4 Au début de la décennie suivante, les pays de l’Est amorcent un cycle de récession économique. Il va à la fois contribuer à dégrader les régimes de retraite et à mettre en évidence leur sclérose. Dans la mesure où les mécanismes d’indexation sur les prix n’existaient pas, les prestations de long terme se montraient particulièrement sensibles à l’inflation. Or, la crise économique qui débute dans les années soixante-dix se caractérise, entre autres, par une augmentation très importante des prix. D’où une paupérisation des titulaires de pension de vieillesse et d’invalidité.
5 Ainsi, en Hongrie, le pouvoir d’achat des retraités a diminué d’environ un tiers entre 1977 et 1984[1] [1] Sauf indication contraire, les statistiques économiques...

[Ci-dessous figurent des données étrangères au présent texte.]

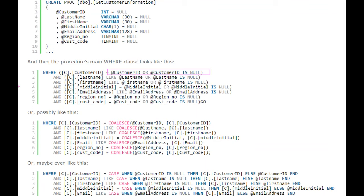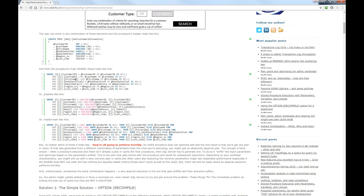The procedure's WHERE clause says: where the customer ID equals the customer ID parameter, OR the customer ID parameter is null; AND the last name LIKE the last name parameter, OR the last name is null; AND the first name LIKE the first name parameter, OR the first name is null. And just to be clear, this is the same as using COALESCE or CASE — these are all equally terrible. This kind of code doesn't actually even optimize well.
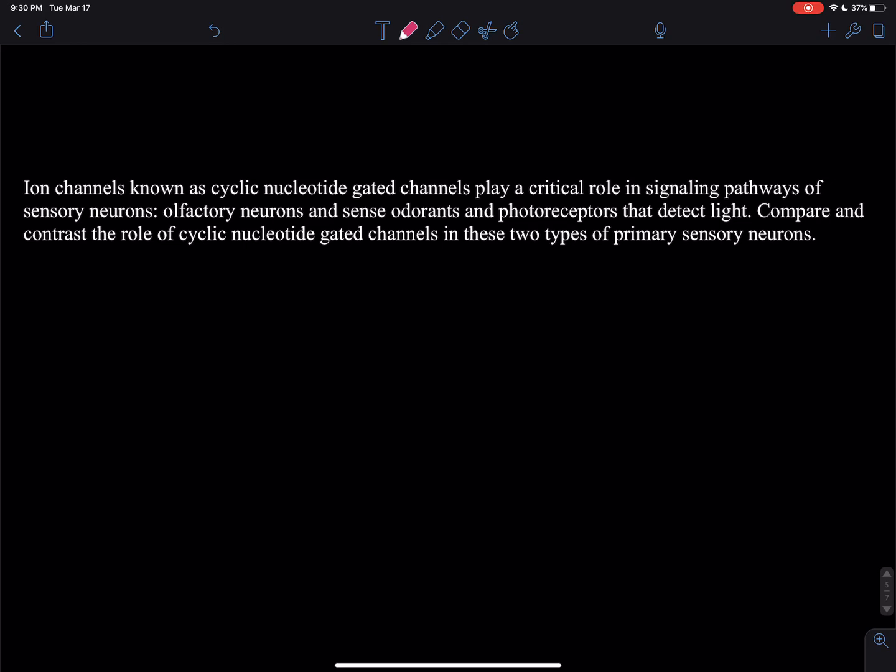In contrast, for the visual system: light stimulates rhodopsin, which is associated with transducin, and is absorbed by the 11-cis retinol, which is then converted to all-trans retinol. The alpha subunit activates phosphodiesterase, causing cyclic GMP levels to fall, closing the ligand-gated ion channel. Sodium and calcium are no longer able to flow into the cell, which hyperpolarizes the membrane. This hyperpolarization induces cell signaling.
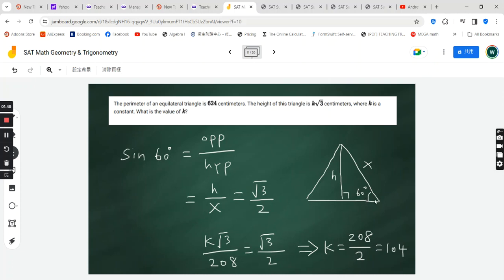Now, relative to this angle, this height is the opposite side, and x is the hypotenuse. If we think of this half triangle,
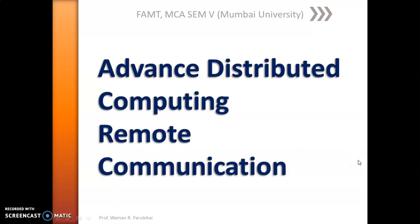Hello friends, welcome back to the series of lectures on advanced distributed computing. Today we are going to study what remote communication is.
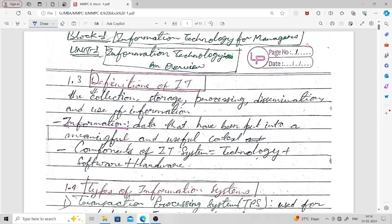Hello and welcome everyone. Welcome to this new session. Today I'm going to talk about the first unit of Block One of MMPC 8. The block name is 'Information Technology for Managers.' This is the first block and the first unit, titled 'Information Technologies: An Overview.' We are going to discuss what different kinds of information technologies are there and how those technologies can be used for managerial purposes or managerial decisions.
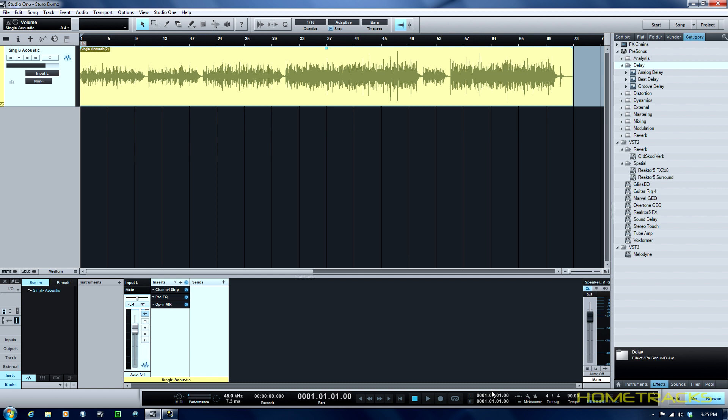What we have here is acoustic guitar and it's mono. I've got it all EQ'd and I've got everything done on it except it's just not sounding full enough.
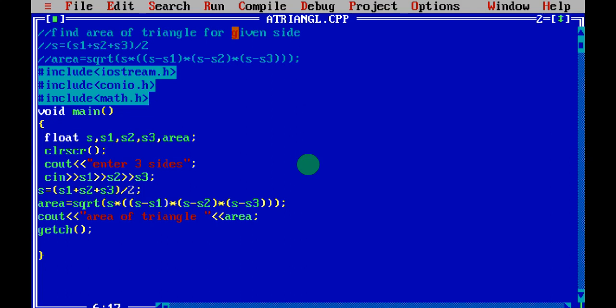So the steps are: first add the header files, then inside the main function declare the variables, then enter the values from the keyboard using cout and cin, next write the formula, and the last step is to print the values. We also saw how to fix the error, how to give input for the variables, and then we saw the output. This is how you write and execute a program without any errors.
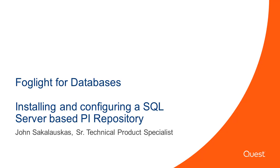Welcome to Foglight Video Solutions. This video details how to install and configure a SQL Server based PI repository. My name is John Sakalaskas and I'm a Technical Product Specialist for the Foglight product.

suite. Partout, un nombre croissant de personnes sont tombées en dessous du seuil de pauvreté. Concomitamment, le versement des pensions a mobilisé une proportion toujours plus élevée des ressources disponibles. Et ce, pour trois raisons. D’abord, la couverture sociale de la vieillesse a été élargie à des catégories sociales qui en étaient auparavant exclues, tels les agriculteurs et les professions libérales. Ensuite, le vieillissement de la population a engendré une augmentation considérable du nombre de bénéficiaires et une dégradation du rapport cotisations/prestations. Enfin, les conditions d’attribution très généreuses des pensions ont conduit à une baisse continue de l’âge effectif des départs en retraite. Ainsi, en 1989,29 % des Roumains étaient retraités alors que les plus de 60 ans représentaient à peine 16 % de la population. C’est seulement à partir de 1980 – réaction tardive aux conséquences de la crise économique sur le marché du travail – que les possibilités de cumuler retraite et emploi ont été restreintes. Si la crise économique persistante a provoqué de graves difficultés structurelles et financières pour les systèmes de retraite, elle a aussi contribué à jeter une lumière crue sur l’archaïsme de leur gestion. Les institutions de protection sociale des Peco ne disposaient pas d’organes planificateurs efficaces ; la gestion des prestations n’était pas informatisée, ce qui provoquait des retards répétés dans leur paiement. Quant à l’absence de comptes individuels, elle rendait encore plus aléatoire le traitement manuel des dossiers.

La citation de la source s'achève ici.